The key take away here is to maintain a similar experience for the user. This is absolutely possible with Exchange 2010 and we can use a simple method to achieve the required objective. Exchange 2010 introduced the concept of Porting a Managed Folder. But, before we get in to the details of how to accomplish this, let’s quickly take a look at a couple of important factors discussed here, especially the ones below

The RetentionAction parameter specifies one of the following actions:

  • MarkAsPastRetentionLimit   If you specify this action for a retention tag, messages that have the tag applied are marked as past the retention limit.
  • MoveToFolder   This action isn't available for retention tags.
  • MoveToDeletedItems   This action isn't available for retention tags.
  • DeleteAndAllowRecovery   This action deletes a message and allows recovery from the Recoverable Items folder.
  • PermanentlyDelete   This action permanently deletes a message. A message that has been permanently deleted can't be recovered using the Recoverable Items folder. Permanently deleted messages aren't returned in a Discovery search, unless litigation hold is enabled for the mailbox.
  • MoveToArchive   This action moves a message to the user's archive mailbox. You can use this action for retention tags of type All, Personal and RecoverableItems.

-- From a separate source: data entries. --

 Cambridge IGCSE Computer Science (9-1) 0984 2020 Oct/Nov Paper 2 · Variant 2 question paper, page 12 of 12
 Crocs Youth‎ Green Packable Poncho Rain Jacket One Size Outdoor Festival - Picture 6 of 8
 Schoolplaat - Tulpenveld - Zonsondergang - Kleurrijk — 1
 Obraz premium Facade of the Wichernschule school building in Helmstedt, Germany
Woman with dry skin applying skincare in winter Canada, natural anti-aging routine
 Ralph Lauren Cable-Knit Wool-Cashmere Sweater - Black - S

If this parameter isn't present and the RetentionEnabled parameter is set to $true, an error is returned.

The above highlighted items are very important to understand. The takeaway is that if you have specified either one of those possible actions to take in the Managed Content Settings of a folder, guess what? You are out of luck and the below procedure will not work!!

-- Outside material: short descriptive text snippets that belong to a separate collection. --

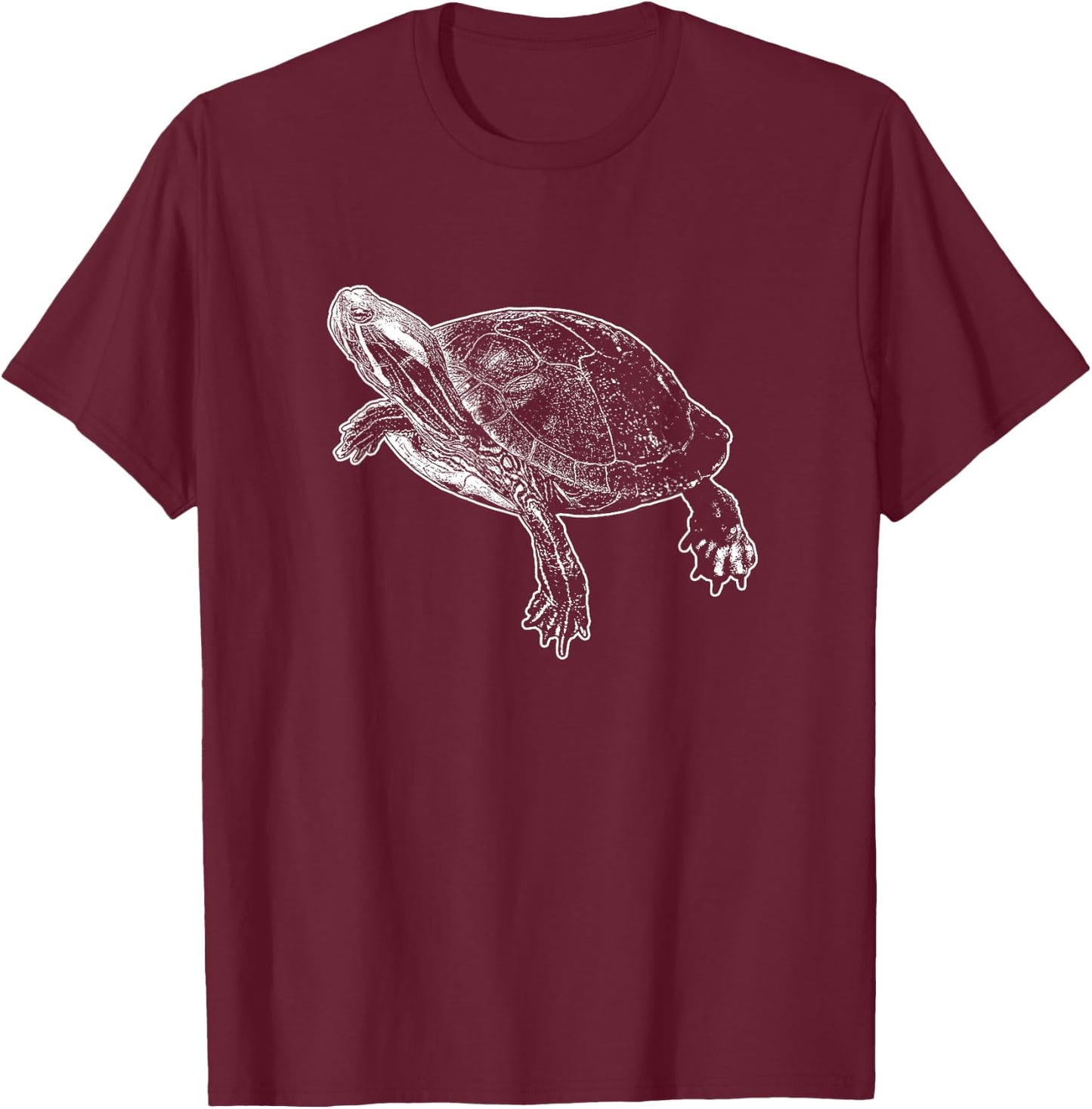 Red-Eared Slider Turtle T-Shirt - T-Shirt | Maroon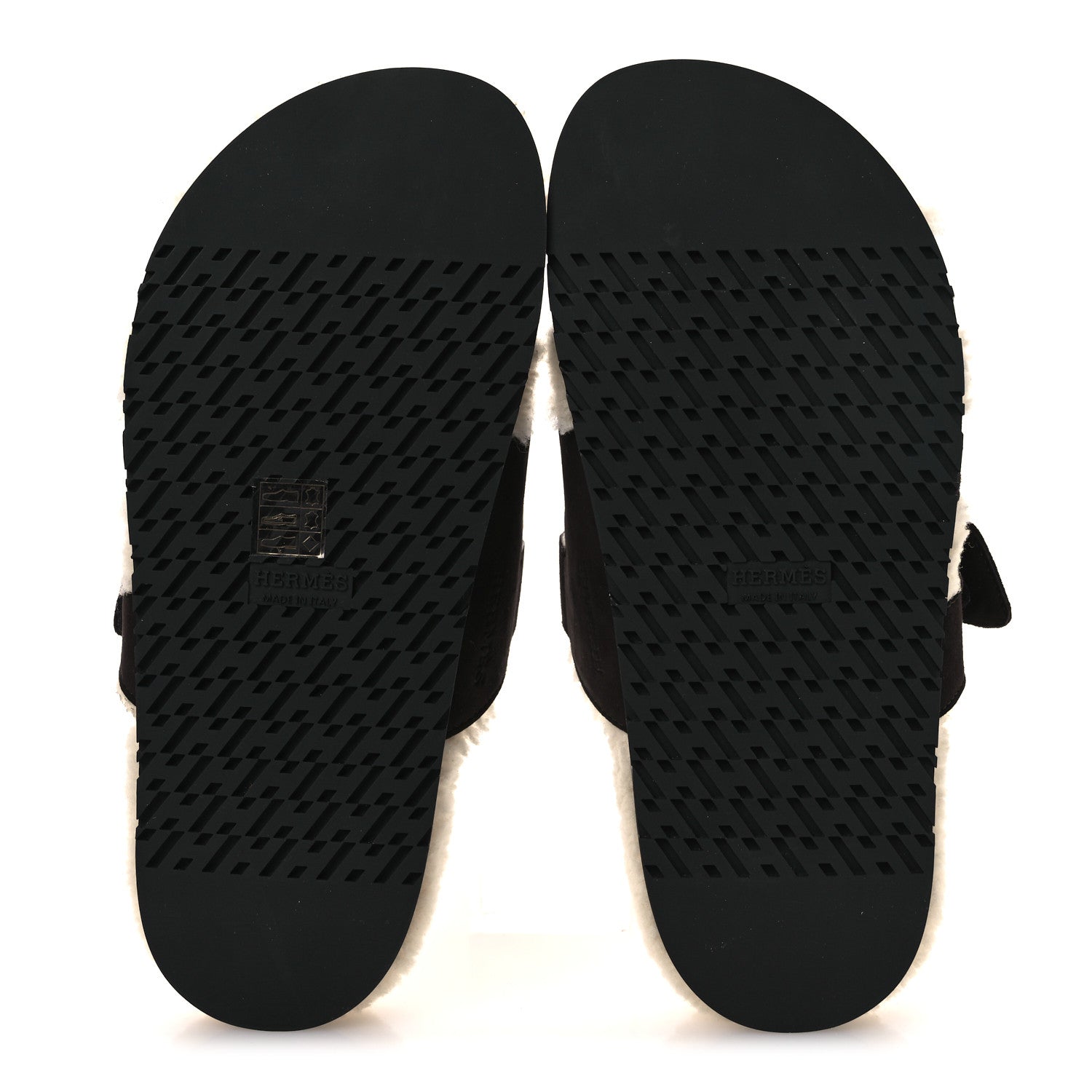 Suede Goatskin Woolskin Womens Chypre Sandals 38.5 Marron Ebene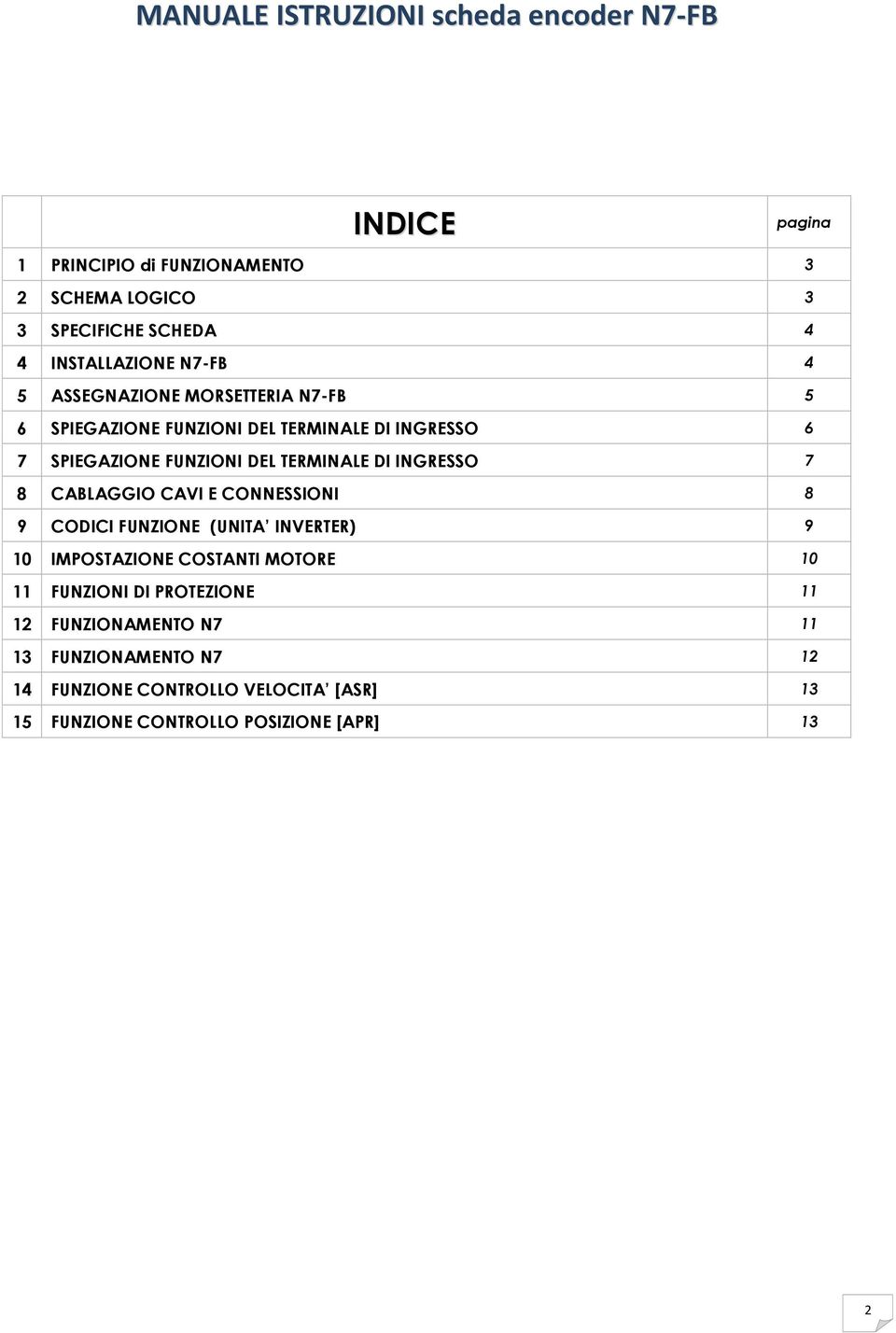 CABLAGGIO CAVI E CONNESSIONI 8 9 CODICI FUNZIONE (UNITA INVERTER) 9 10 IMPOSTAZIONE COSTANTI MOTORE 10 11 FUNZIONI DI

Figure 3: Managed Folder Content Settings

As you note above, my managed folder content setting was set to DeleteAndAllowRecovery. The steps outlined below explain how we can port the Managed Folder Content Settings to create a Personal Retention Tag. We will then create a new Retention Policy which includes the Retention Tag that was ported and assign it to the user. Once this is completed, the Managed Folders now become, unmanaged; but they will have the created Retention Policy applied to the folder. This essentially provides the exact same settings and experience that the user had before moving to using Retention Tags and Policies for the new unmanaged folders! NOTE: I have moved the mailbox to Exchange Server 2010 at this point

Porting the Managed Folder

New-RetentionPolicyTag -Name '365 –Day Retention Tag' -ManagedFolderToUpgrade '365 Day Retention'

Figure 4: New Retention Policy Tag Created

Creating a New Retention Policy and including the Policy Tag created above

New-RetentionPolicy "365 Day Retention Policy" -RetentionPolicyTagLinks "365 – Day Retention Tag"

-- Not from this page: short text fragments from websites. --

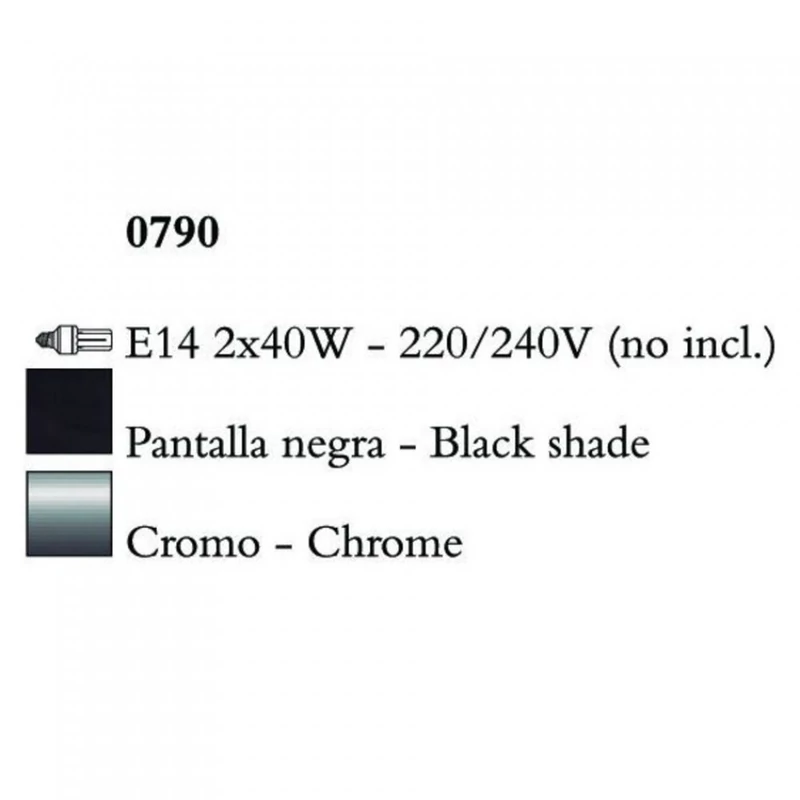 Mantra AKIRA CHROME BLACK SHADE 0790 asztali lámpa króm fém 2*E14 max20W E14 IP20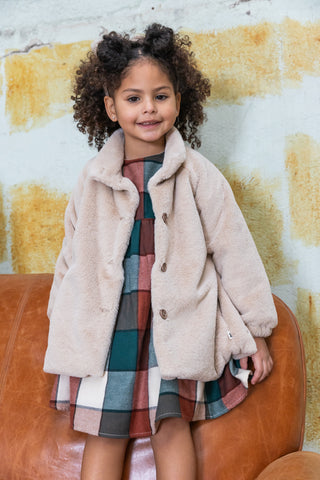 Faux Fur Cream Coat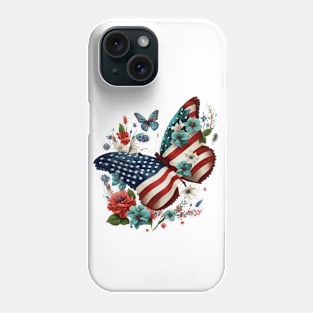 Patriotic Butterfly, 4th of July Design Phone Case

Assign the Retention Policy to a User

Set-Mailbox "2007MRMUSER" -RetentionPolicy "365 Day Retention Policy"

Once the above steps have been completed the Managed Folder that existed will show up in the Users Mailbox as regular folders in the mailbox. When you check the Retention Policy Assignment to the folder you will see that the folder is automatically applied with the “365 Day Retention Policy”!!

Figure 5: The Managed Folder shown as regular folders in the Mailbox

Figure 6: Managed Folder now in Outlook Web Access

Figure 7: Properties of the folder showing the 365 Day Retention Policy assigned

NOTE: Any Managed Folders that you ported which did not have any content will be removed. Only folders with content are shown in the mailbox as a regular folder.

I hope that you find the above useful!